2026-06-30 10:59:43 +08:00
chiguyong 4dc58c24bc feat(U2): emit phase_violation WS event alongside LLM reinjection
Wave 3 only injected the violation error dict back to the LLM as a tool
result. Wave 4 U2 adds a parallel WS event so the frontend PhaseIndicator
can surface violations to the user.

- ReActEngine: add _phase_violations accumulator (list[dict]). Cleared in
  reset(). _check_phase_permission appends a structured violation dict
  (with new violation_kind field: tool_not_allowed | bash_command_blocked)
  before returning the error.
- Add _drain_phase_violations(step) helper that pops pending violations
  and returns ReActEvent(event_type="phase_violation", ...) list.
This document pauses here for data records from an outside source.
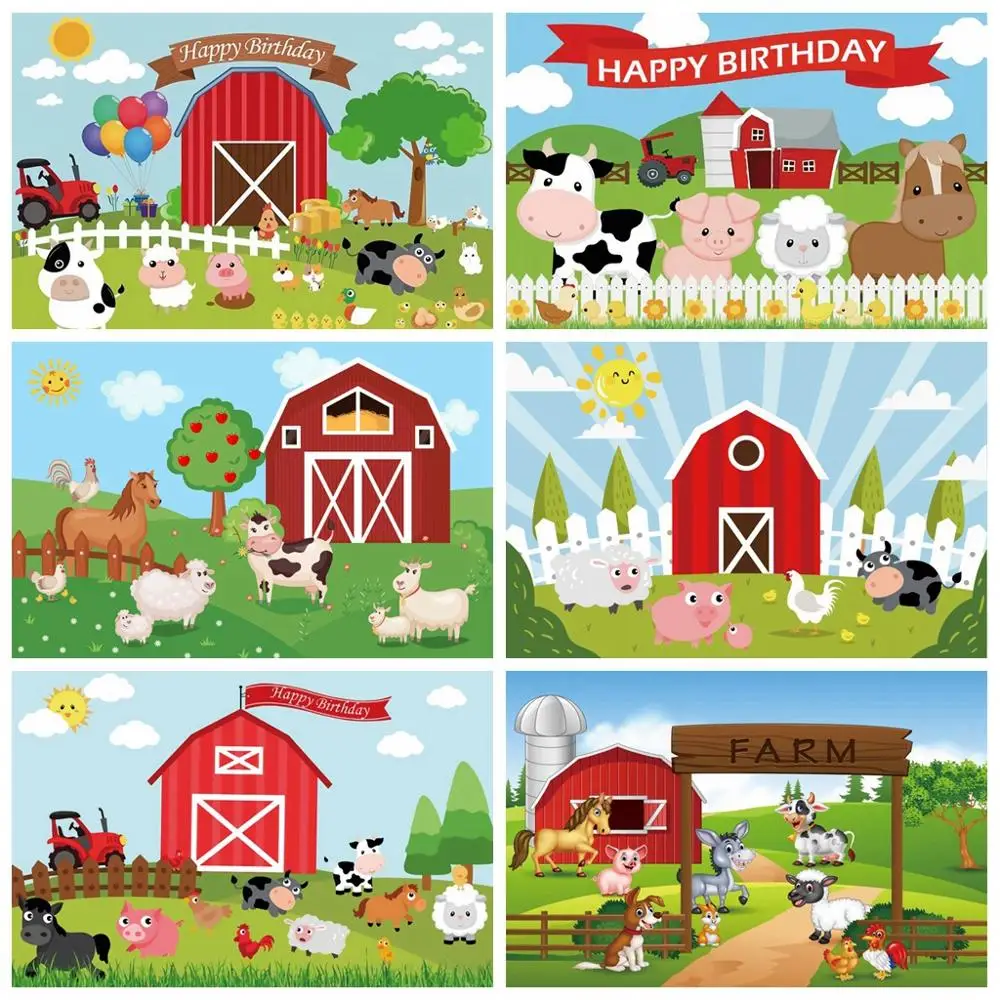 Rural Farm Baby Birthday Party Comic Tractor Warehouse Animals Newborn Portrait Photo Backdrop Photo Background For Photo Studio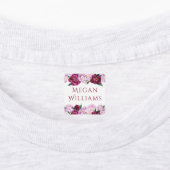 Paarse Peonies Floral Persoonlijke benaming Kledin Labels (Aangebracht)
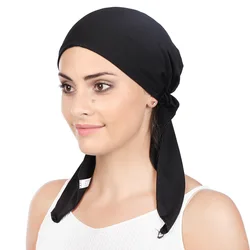 2024 New Muslim HijabTurban Hats Solid Color Head Wraps Soft Elastic Breathable Chemo Cap For Women Girls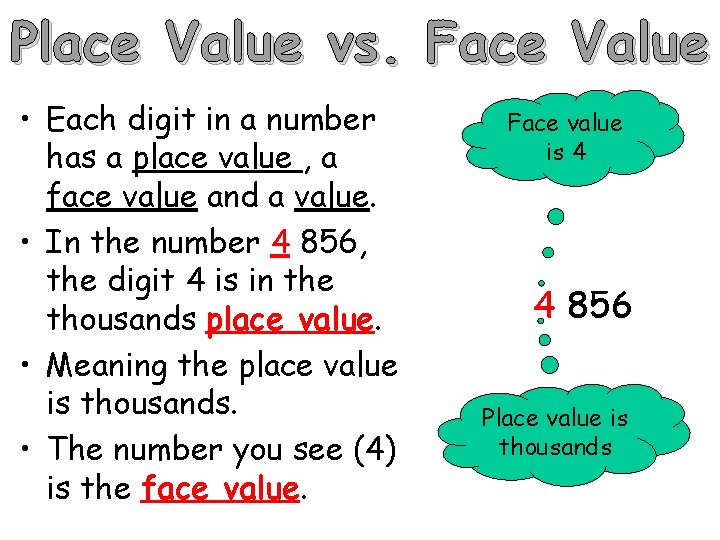 Place Value vs. Face Value • Each digit in a number has a place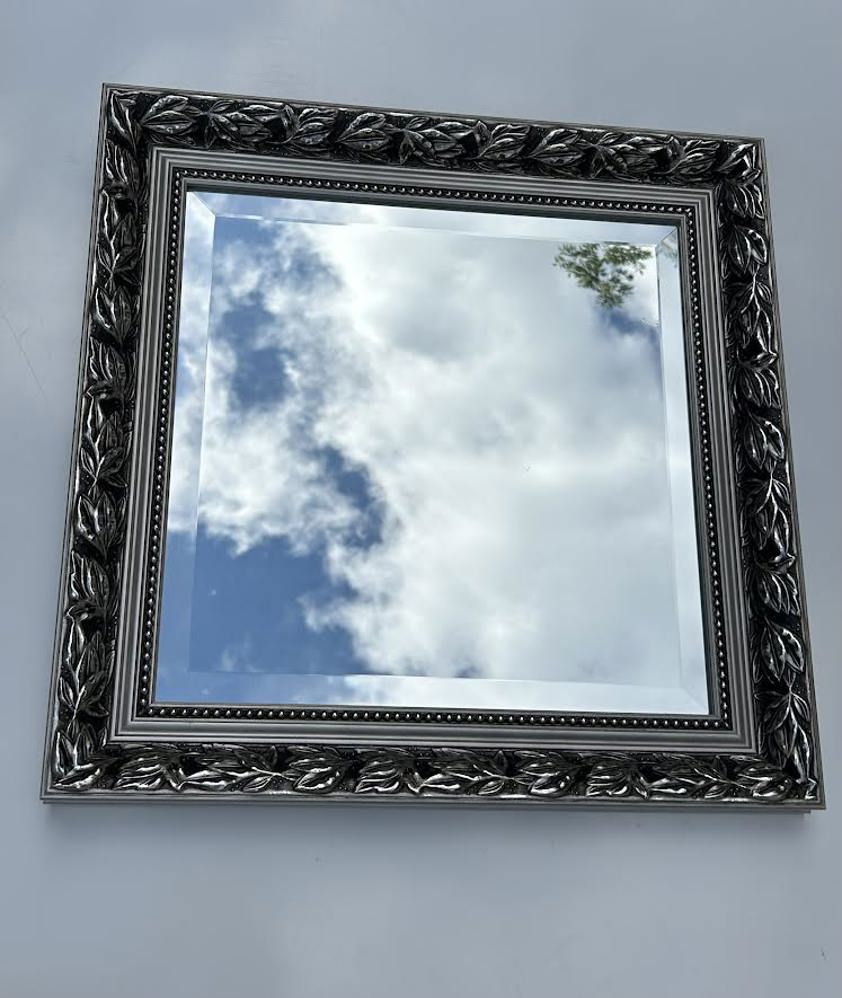 Silver Leaf Pattern Square Mirror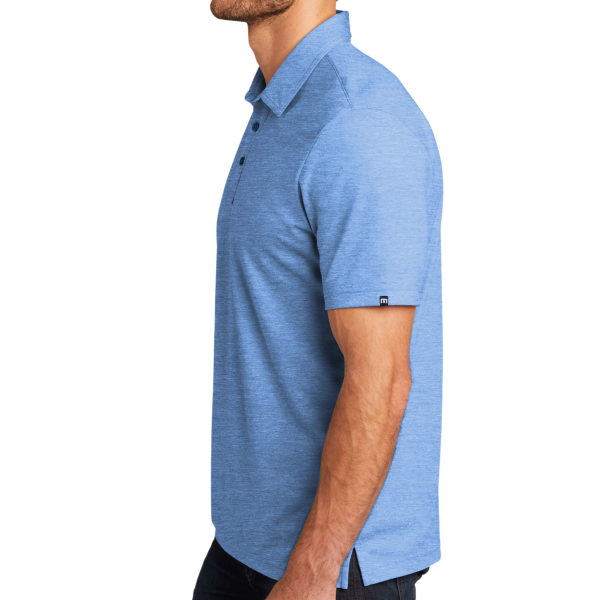Travis Mathew Oceanside Heather Polo, Classic Blue Heather / Classic Blue Heather, Left Sleeve view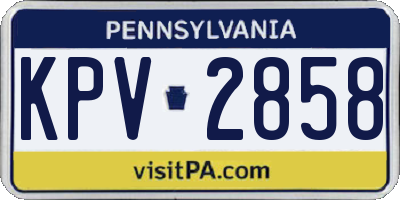 PA license plate KPV2858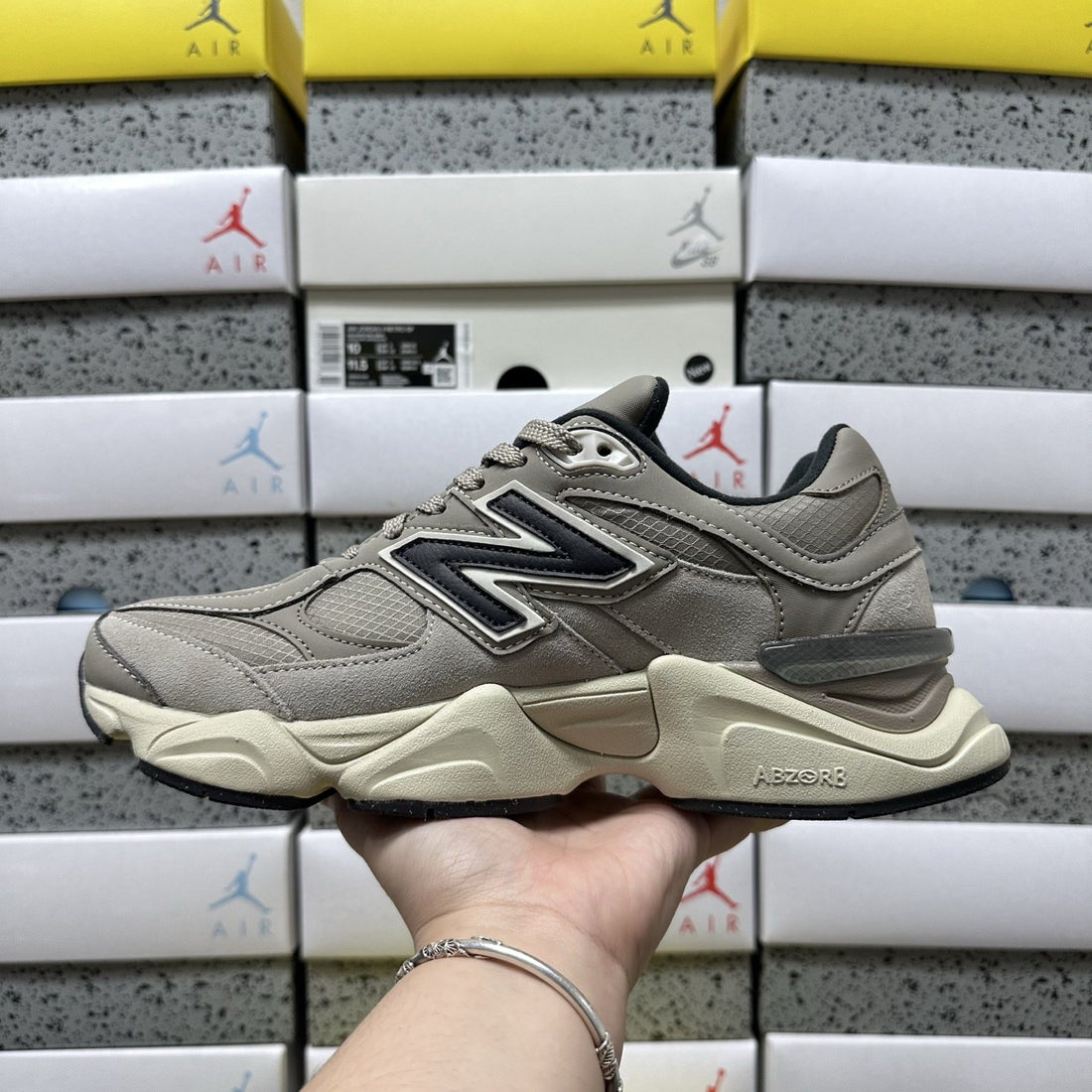 NB 9060 Grey Navy Cream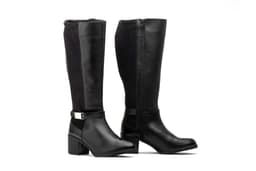 Botas Mujer Piel Negro Elástico Hebilla Tacón Ibérico ref. 90683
Events
  carry a shallow copy of the violation dict so callers can't mutate the
  accumulator.
- execute_stream: drain after each tool_result yield at all 3 tool
  execution sites (parallel, serial-with-confirmation, parsed_calls).
  Non-streaming execute() ignores the accumulator (the LLM reinjection
  via the error dict is the only signal there).
- chat.py WS handler: new elif branch forwards phase_violation ReActEvents
  to the client as {"type": "phase_violation", "data": ...} WS messages.
- Tests: 11 new tests covering accumulator lifecycle, drain semantics,
  shallow-copy isolation, and execute_stream event emission for both
  tool_block and bash_block paths. 2 new WS forwarding tests pin the
  chat.py path (forward + characterization for REACT mode).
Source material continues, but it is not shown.